Ketiga, jalan khusus akan sulit diakomodasi oleh pihak perusahaan yang kebetulan cenderung nakal. Sebab ada asumsi beda pemerintahan, maka beda kebijakan. Termasuk soal keseriusan baik adanya jalan khusus tambang atau izin terhadap kuasa penambangan ( KP). Fakta yang ketiga ini merupakan kebobrokan mental pengusaha yang tidak mengindahkan masalah kemacetan, debu dan kecelakaan rakyat Kalsel. Buru-buru menghadiri undangan untuk duduk bersama, justru staf yang tidak tahu apa-apa yang diutus.
Fakta ini penghinaan terhadap Pemprop Kalsel, dimana ada kesan pembiaran terhadap upaya mulia pemerintah daerah. Bagaimana tahu pengusaha di Jakarta tentang daerah. Yang mereka tahu apakah perusahaan mereka aman, sogokan aman dan uang masuk terus ke Jakarta. Maka pemprop Kalsel harus tegas terhadap persoalan perilaku pengusaha dan jalan khusus tambang. Tidak perlu lagi dilakukan cara persuasive, apabila institusi DPRD, Kepolisian dan TNI sudah menyatakan komitmennya membantu Pemprop Kalsel. Jika Tidak….. Pak Rudi tidak akan dipilih lagi!Kada gagampangan, kan?***(Idabul, 18 Mei 2009)

1 comment:

HE. Benyamine said...

Ass.
Pemerintah daerah, meskipun tanpa perda jalan tambang, dapat menekan perusahaan tambang untuk menggunakan jalan khusus, melalui beberapa pintu, misalnya:

- pintu Amdal, karena angkutan termasuk dari rona lingkungan, pemerintah bisa tidak mengeluarkan amdal bila tidak memiliki jalan sendiri.

- UU tentang jalan, ada pidana yang mengganggu fungsi jalan, dan pemisahan yang tegas antara jalan umum dan jalan khusus. Denda dan kurungannya jauh lebih banyak dari Perda jalan.

- Aparat (kepolisian dan tentara) yang memandang dari sudut keamanan hanya sisi demo truk, masih sangat bias pengusaha dan jangka pendek, tanpa memikirkan chaos yang lebih besar. Harusnya demi alasan keamanan dan keselamatan warga, aparat tidak mentolerer demo truk menutup jalan umum.

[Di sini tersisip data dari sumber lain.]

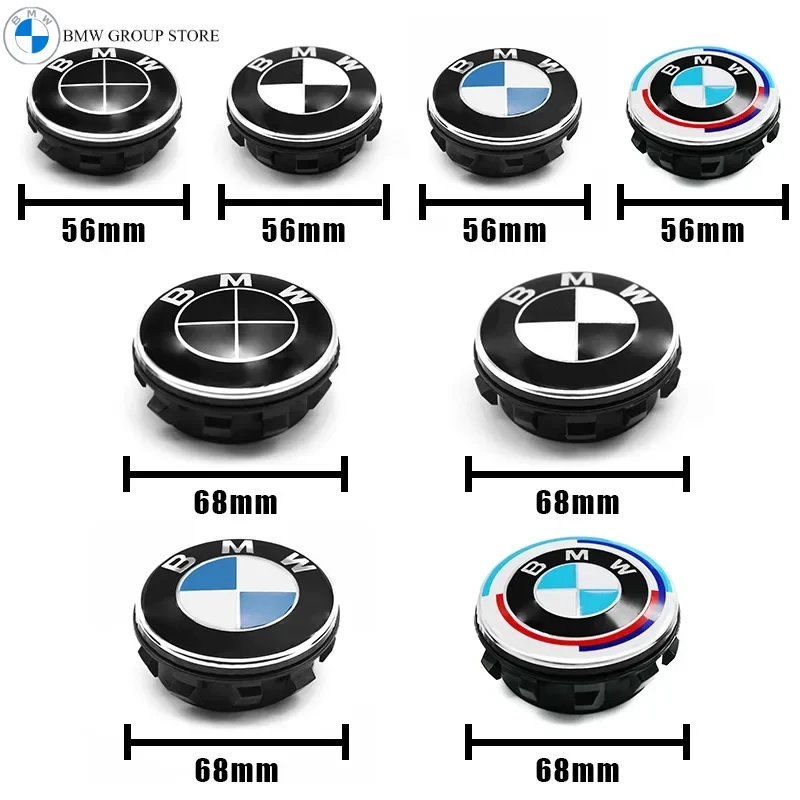 BMW GROUP 4Pcs 56MM 68MM Floating Wheel Center Caps For BMW G11 G20 G30 E39 E46 E60 E90 E87 G02 G05 F10 F30 F52 F48 F49 F39 F90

Aparat punya alasan lebih kuat hanya sekedar chaos demo truk, untuk kepentingan yang lebih besar.

- Sekarang, rejim perizinan dalam pertambangan (uu minerba), yang memberikan kekuatan pemerintah (daerah) untuk mencabut izin yang tidak mempunyai jalan khusus tambang.

Semuanya, tergantung keberpihakan elit kekuasaan di daerah terhadap kepentingan yang lebih besar, kecuali mereka memang terlibat dan mendapatkan keuntungan dari kebijakan pembolehan jalan umum untuk tambang.